Non-Right to Work New Jersey is 27% more expensive to live in than Right to Work Virginia.

A 2004 study by the National Institute for Labor Relations Research (NILRR), “Real Earnings Remain Higher in Right to Work States: Fresh Evidence From the AFL-CIO,” employs the cost-of-living differences documented by the AFT, differences in tax burdens calculated by the non-partisan Tax Foundation and raw weekly earnings reported by the Business News Association and the Public Service Research Foundation to compare real, spendable earnings in Right to Work and non-Right to Work states.

The NILRR study (available at finds that, after adjusting for cost of living and total taxes, the mean weekly earnings of full-time employees in Right to Work states in 2001 was $469, compared to just $444 in non-Right to Work states.
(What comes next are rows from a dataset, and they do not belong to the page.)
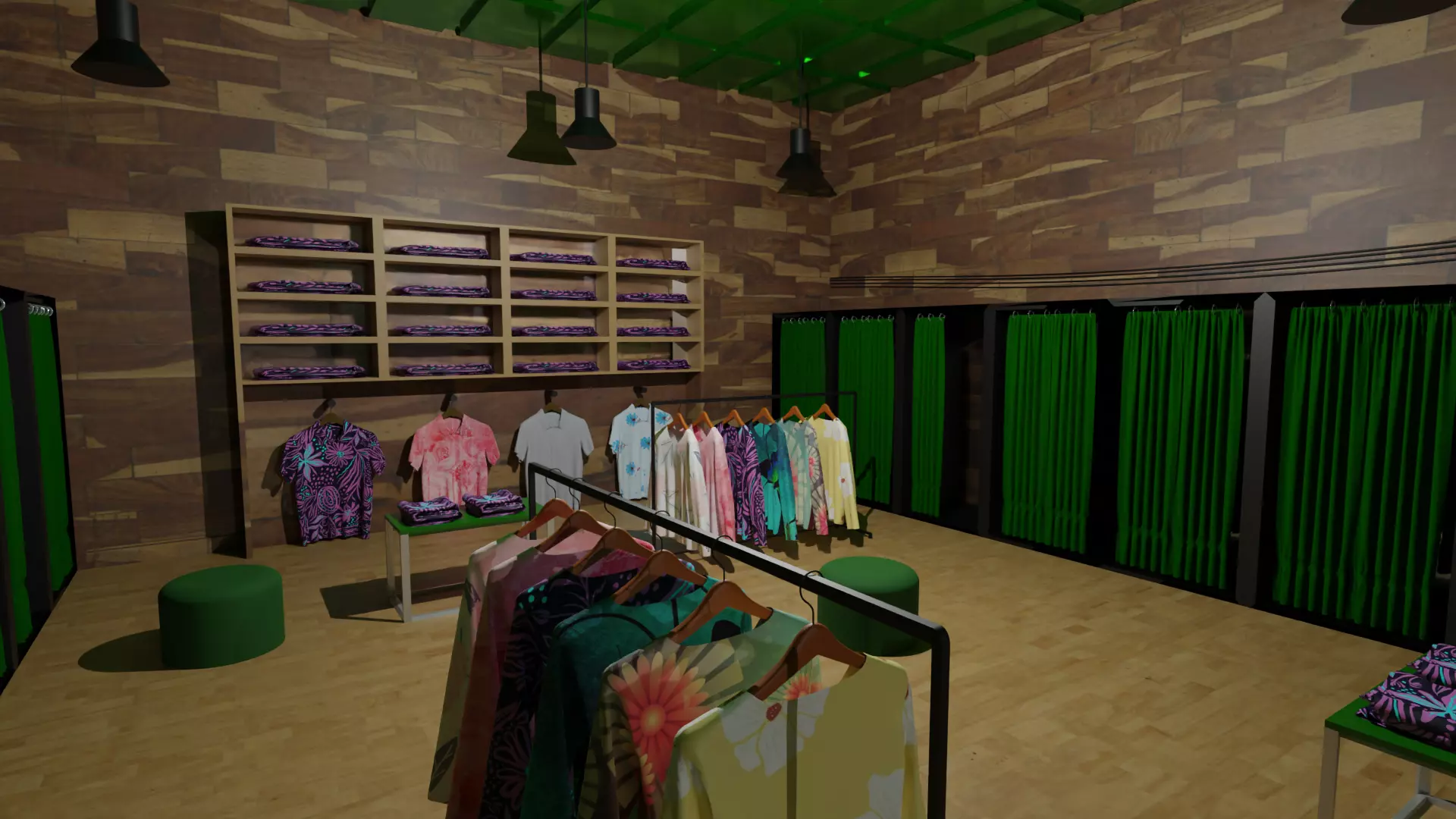 Clothing Store interior  Low-poly 3D model_0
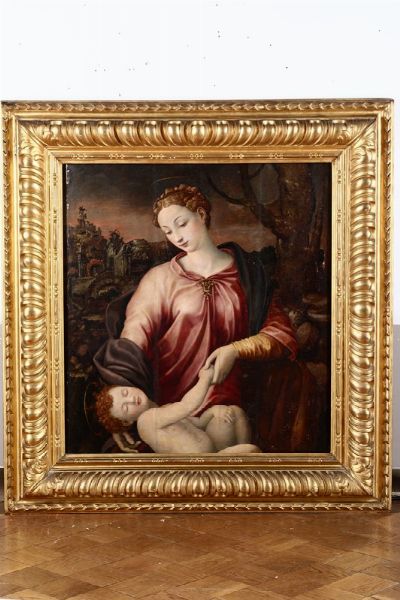 Madonna con Bambino e rovine sullo sfondo  - Asta Dipinti Antichi - Associazione Nazionale - Case d'Asta italiane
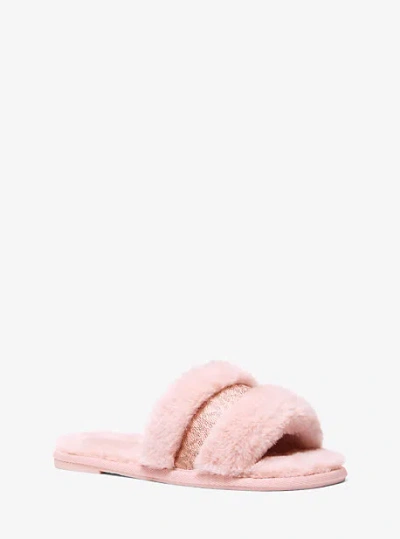 Michael Kors Alexis Faux Fur And Metallic Signature Logo Slide Sandal In Pink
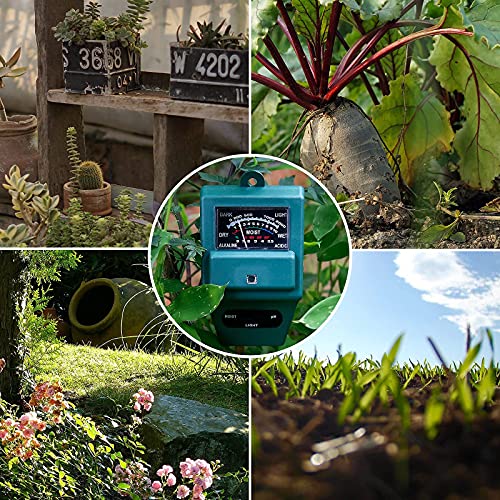 Measureman 3-In-1 Moisture/Light/Ph Soil Tester, Gardening Tool Kits For Plant Care, Suitable For Indoor & Outdoor, Gardens, Lawn, Farms, Greenhouse, No Batteries Required #TOP6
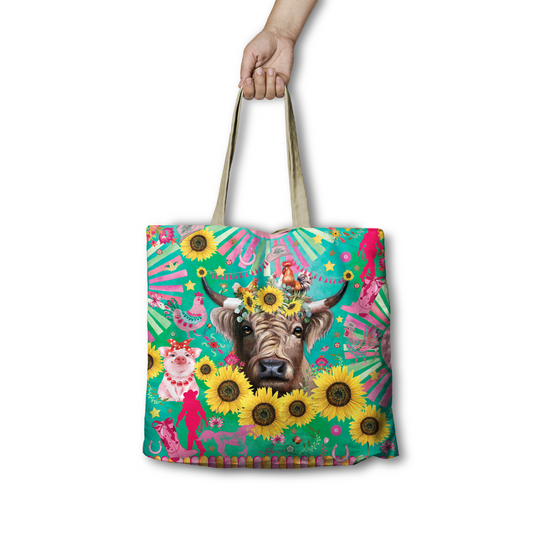 Reusable Shopping Bag - Carnival Cow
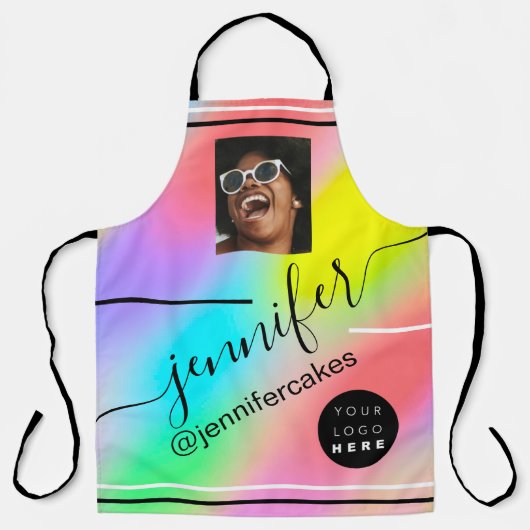カスタムフォトロゴコーヒーショップケーキ自筆証書 エプロン (正面)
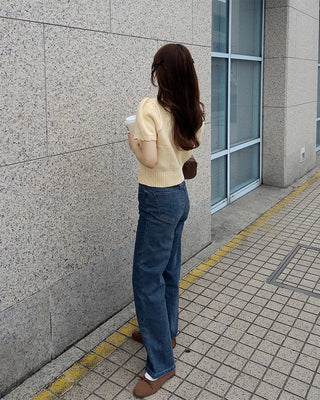 Elastic waist denim pants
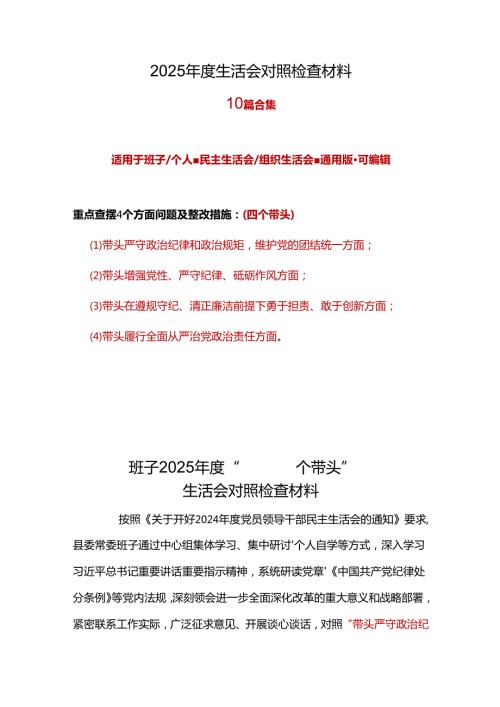 税务局领导班子2024民主生活会对照检查材料(“四个带头”).docx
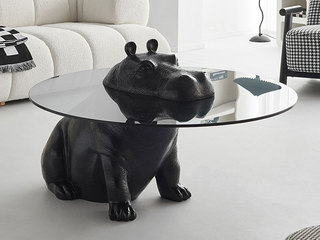  极简风格 创意动物造型 宽大置物台 黑色钢化玻璃台面 1.2米 河马茶几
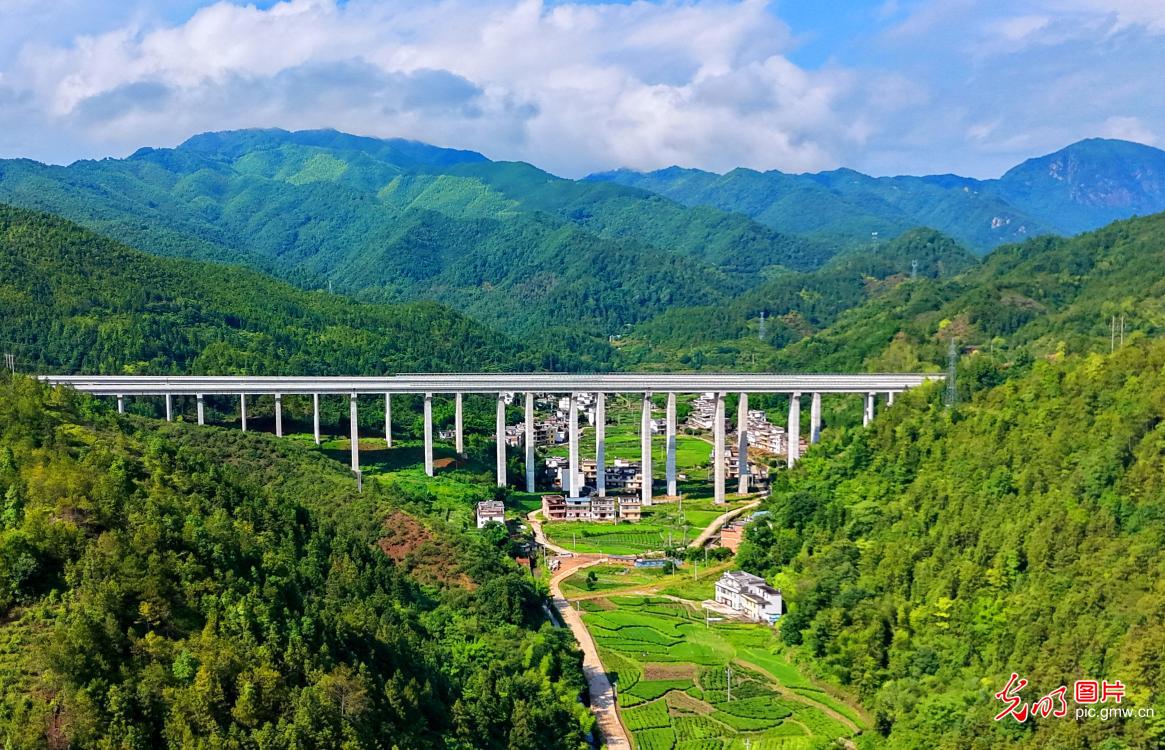 Expressway weaves through summer countryside in E China's Jiangxi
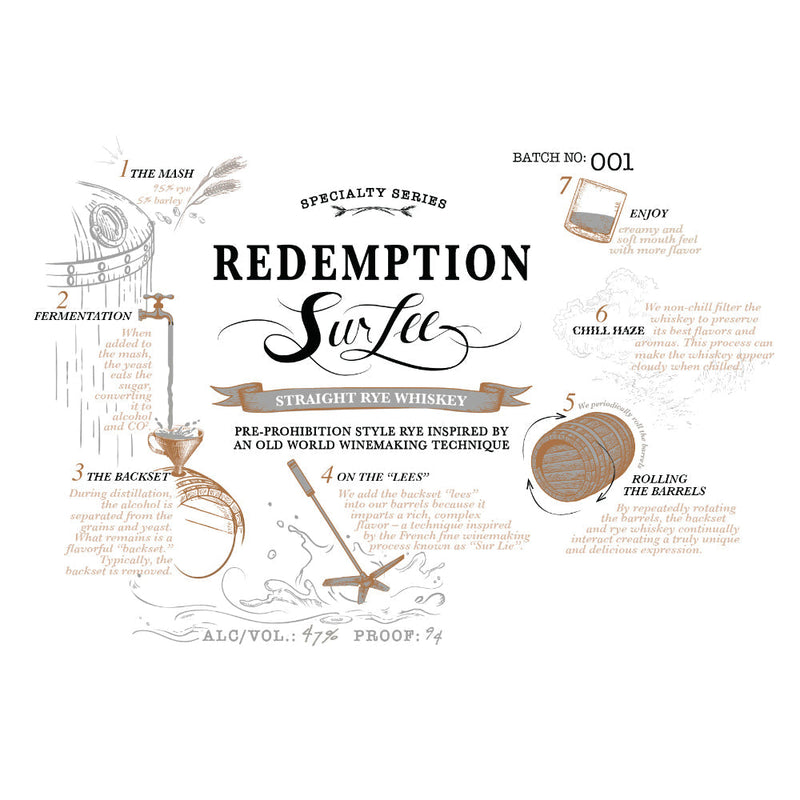 Redemption Sur Lee Straight Rye Whiskey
Public Opinion Strongly Supports End to Forced Unionism

At a November 2006 reception at AFL-CIO headquarters, then-incoming House Speaker Nancy Pelosi (D-CA) presented a startling contrast to the outgoing GOP leaders who had spent the 2005-2006 Congress dodging the forced-unionism issue.

While being feted along with other Big Labor Democrat leaders, Congresswoman Pelosi gushed that AFL-CIO troops had “owned the ground” in many key campaigns and vowed to repay the union brass promptly.

“We’re going to move on ‘card check,’ because now we set the agenda and that will be part of it,” Congresswoman Pelosi declared.

By “card check,” she was colloquially referring to bills that would greatly expand Big Labor’s power to force employees to accept a union as their “exclusive” (monopoly) bargaining agent and, in turn, force even more workers to pay union dues and fees.

Congresswoman Pelosi’s rush to accommodate the demands of the union political operatives who were largely, if not primarily, responsible for making her Speaker, flew in the face of the public she has sworn to represent.

In a December 2006 Research 2000 nationwide poll, specifically asked whether Congress should make it easier for labor unions to acquire the power to represent all employees and deny non-union members the right to bargain for themselves, 79% of likely voters said “Not Easier.” And in the same poll, a whopping 81% responded that employees who do not want to be represented by a labor union should have the right to bargain for themselves.

For decades, national opinion polls have shown that the American people believe it is wrong to force an employee to pay union dues in order to work and feed his or her family.

A 2014 national opinion survey by Gallup showed that 71% of Americans who regularly vote in federal elections support employees’ Right to Work whether or not they choose to affiliate with a union.

Opinion surveys taken in 2006, 2004, 2001, 2000, 1997, 1995, 1993, 1984 and 1980 showed virtually identical results.

And every time Congress has voted on a forced-unionism issue, going back nearly 40 years, the result has been a gain in support for Right to Work after the next election cycle.

For example, in 1996, the Senate voted for the first time on the National Right to Work Act. Although the measure was defeated and Big Labor went on to spend an estimated half- billion dollars or more trying to buy the 1996 Elections, the end result was a net gain of five Right to Work supporters in the Senate by early 1997.

Even without a recorded vote, in stark contrast to Republicans who kowtowed to the union brass, the 98 GOP House candidates who sponsored National Right to Work legislation in 2012-2013 and sought re-election won 97% of their November 4 contests.

But recorded votes on the Right to Work Bill in 2015 or 2016 would likely prove even more effective at mobilizing freedom-loving citizens to “convert” or oust forced-unionism proponents in Congress.

The record shows that the American people want an end to federally-authorized compulsory union dues, and only Congress can do that. It’s the Congressional opponents of Right to Work who will have to explain their actions if they prevent the Right to Work Bill from coming to the floor for a vote.